Una tarde lluviosa de verano, una consola Atari cambió mi forma de ver la tele y, sin saberlo, mi vida entera. Todo comenzó con Asteroids, un joystick y la certeza de que ahora yo decidía.

PALOMERⒶPORTADA

PALOMERⒶ

6/20/20252 min read

Tenía nueve años y el cerebro me explotó en silencio. Hasta ese momento, la televisión era un aparato que se obedecía solo: encender, cambiar de canal, ajustar el volumen. Pero ese día, por primera vez, la pantalla hizo lo que yo le dije.
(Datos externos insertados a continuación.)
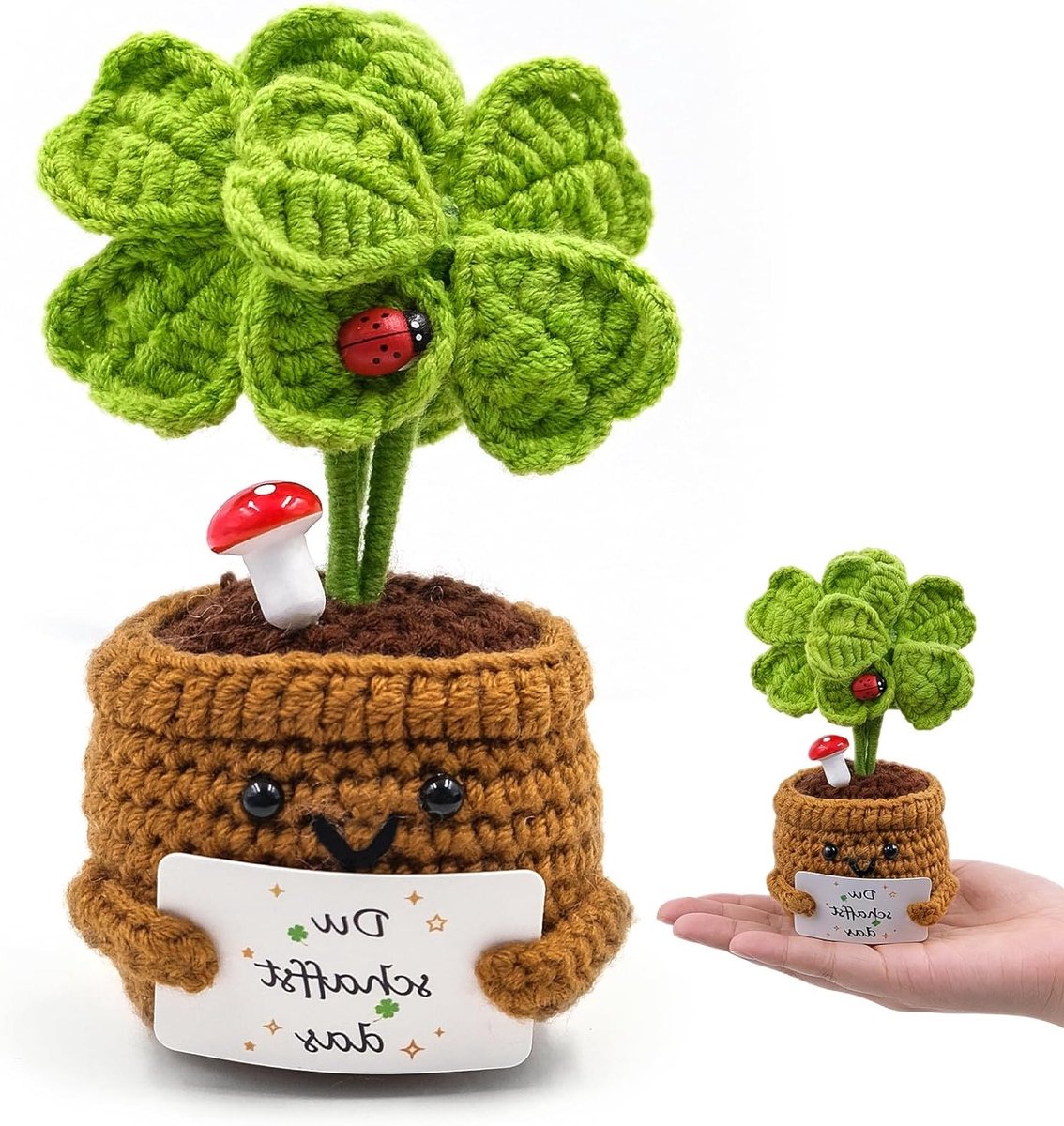 Gebreid klavertje vier, gehaakte bloem en zakknuffel als positief aanmoedigingscadeau, klein bedankje en adventskalender voor geluk en vreugde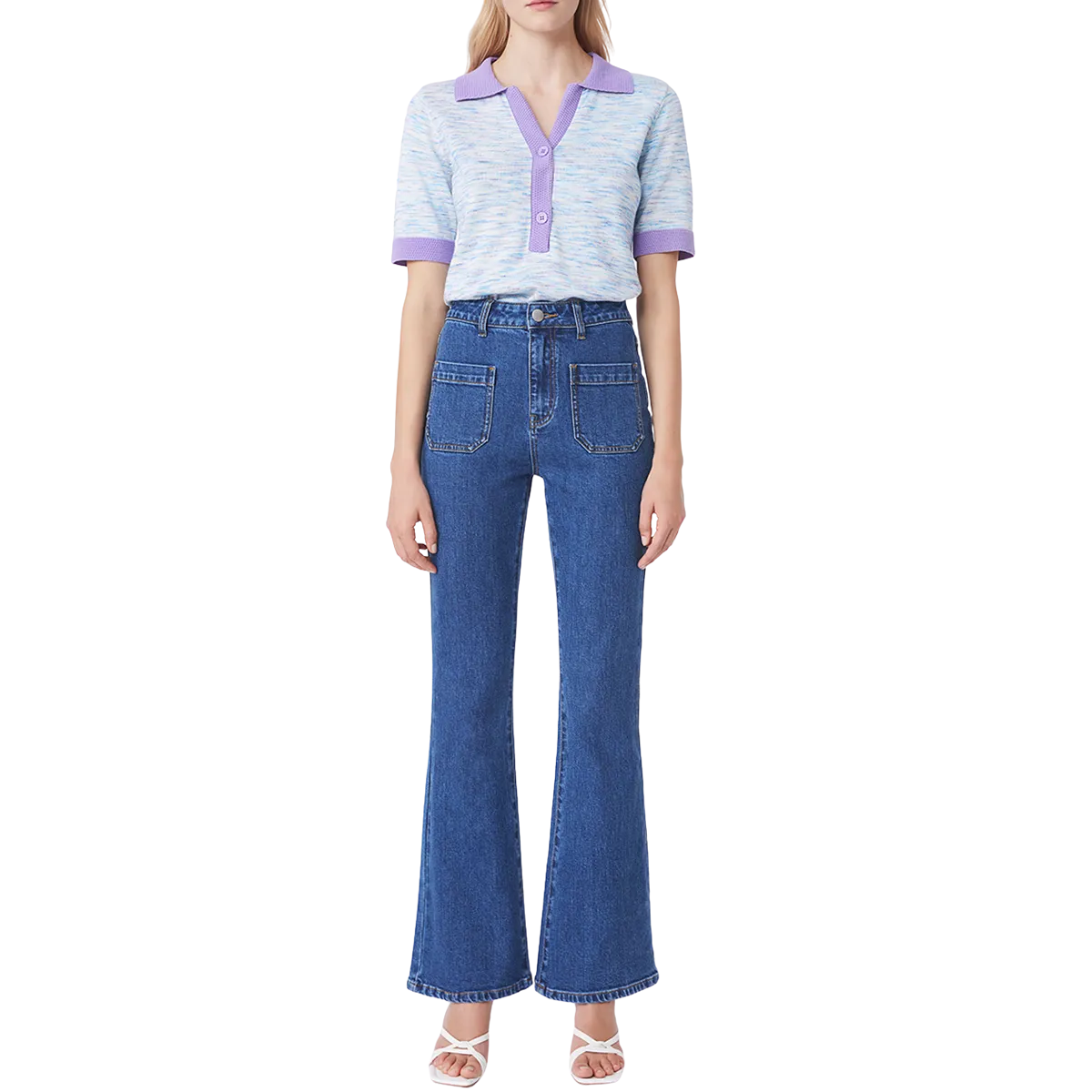 Jeans Flared De Tiro Alto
Y no hubo marcha atrás.

Mi papá llegó con una caja bajo el brazo, una de esas que no traen comida ni ropa, sino algo más difícil de nombrar: una puerta. La abrió con calma. Dentro: un Atari 2600. Negro, elegante, con palancas que prometían movimiento y un botón rojo. Lo conectó al televisor a color que teníamos, y lo siguiente fue hipnosis.

El juego que venía incluido era Asteroids. Mi hermano Israel y yo nos volvimos dos astronautas sin casco, sentados frente a la nave, disparando a formas geométricas que se rompían como planetas tristes. Podíamos pasarnos horas sin movernos más que los pulgares, nos salieron ampollas. Y cuando llegaron Jungle Hunt y Enduro, entendí que mi vida se iba a dividir entre lo que pasó antes del Atari… y lo que vendría después.

Era 1982. México vivía una crisis económica que no entendía, pero que se colaba en las conversaciones de los adultos como un mal clima permanente. Tener una consola de videojuegos era raro. Tener una tele a color en tu cuarto también. En mi casa, ese combo fue una especie de lujo, un gesto de mi Papá que no fue solo tecnológico: fue emocional. Algo en su forma de conectarlo, en su decisión de entregárnoslo sin discurso, me hizo entender que a veces el amor también llega con cables.

Jugábamos después de hacer la tarea, en tardes largas que olían a tierra mojada. Había algo ceremonial en prender la consola, en poner el cartucho, en ajustar la imagen con un pequeño switch en la parte de atrás del televisor. Nada era instantáneo. Todo tenía un orden.

Con el tiempo, el Atari fue sustituido por un Nintendo, luego por un Super Nintendo. Llegaron los años noventa, las consolas modernas, las gráficas más realistas. Jugué en PlayStation, en Xbox, en todo lo que siguió. Pero nunca olvidé el primer momento de conexión: ese instante en que supe que podía tocar un botón… y provocar una respuesta del mundo.

Hoy tengo casi 52 años y los videojuegos siguen conmigo. No por nostalgia, sino porque el juego —como el periodismo, como la vida— también es una forma de buscar respuestas. Solo que a veces empiezas buscando puntos, y terminas encontrando algo mucho más grande.